Stored dataset items:
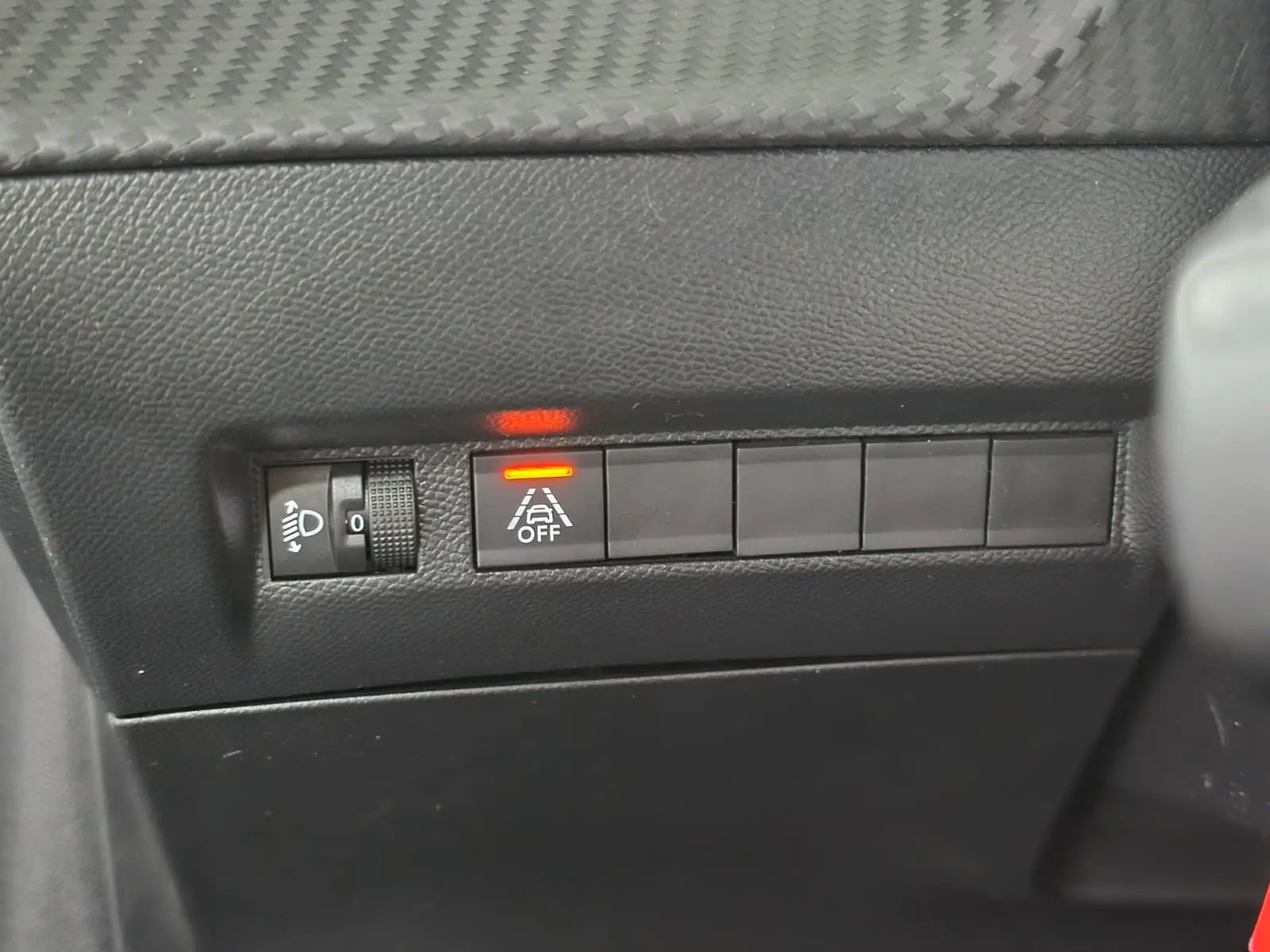 Peugeot 208 1.2 PureTech Active Pack 13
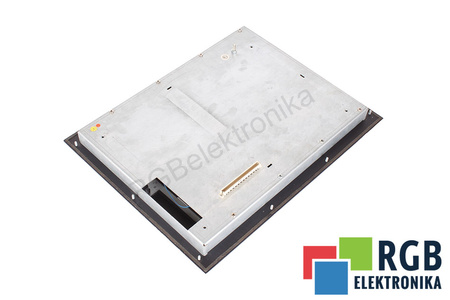 FIPC1.4-TR-839B-010-00 FERROCONTROL KOMPIUTERIO PANELĖ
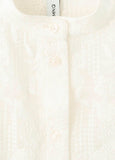 Blusa Petra
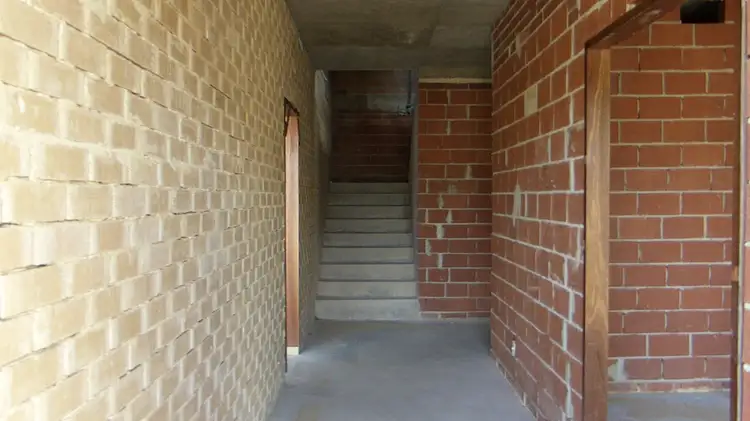 Sixth view of Homely house listing, 139 Amelia Street, Balcatta WA 6021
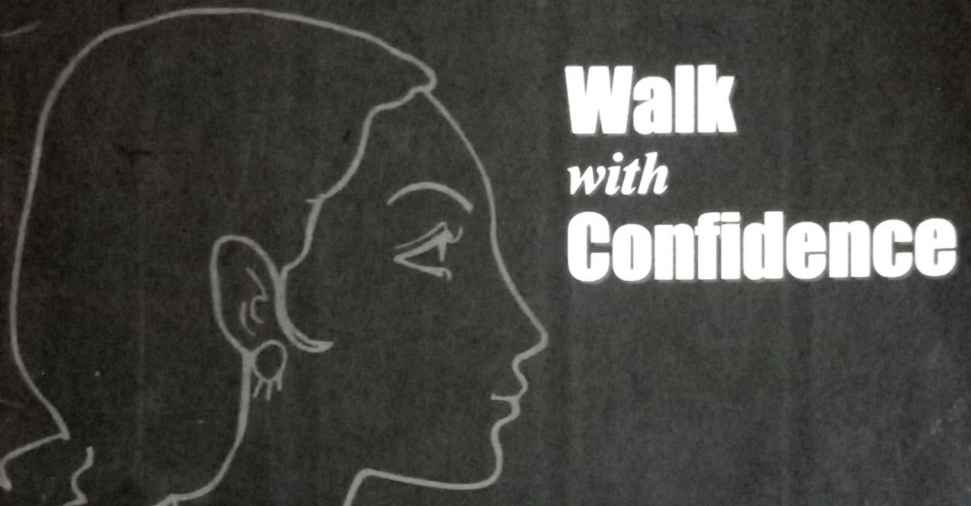 PD13_ Walk with Confidence_11zon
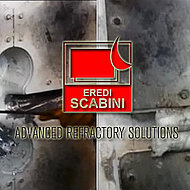 EREDI SCABINI LAUNCHES THE NEW BEcoatTM WB LINE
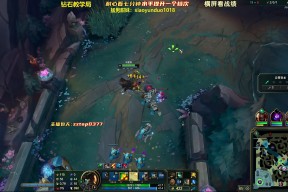 TheShy焦点对战，Faker与90激战篮网分钟，最后时刻胜出胜负难料！热度持续攀升的简单介绍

** What this task involves **
Every line from the one with "Sixth view of" through the last line of the data must be copied exactly. Leave the pictures out.

** Response to the exercise **
 Sixth view of Homely house listing, 139 Amelia Street, Balcatta WA 6021
 PD13_ Walk with Confidence_11zon
 EREDI SCABINI LAUNCHES THE NEW BEcoatTM WB LINE
 TheShy焦点对战，Faker与90激战篮网分钟，最后时刻胜出胜负难料！热度持续攀升的简单介绍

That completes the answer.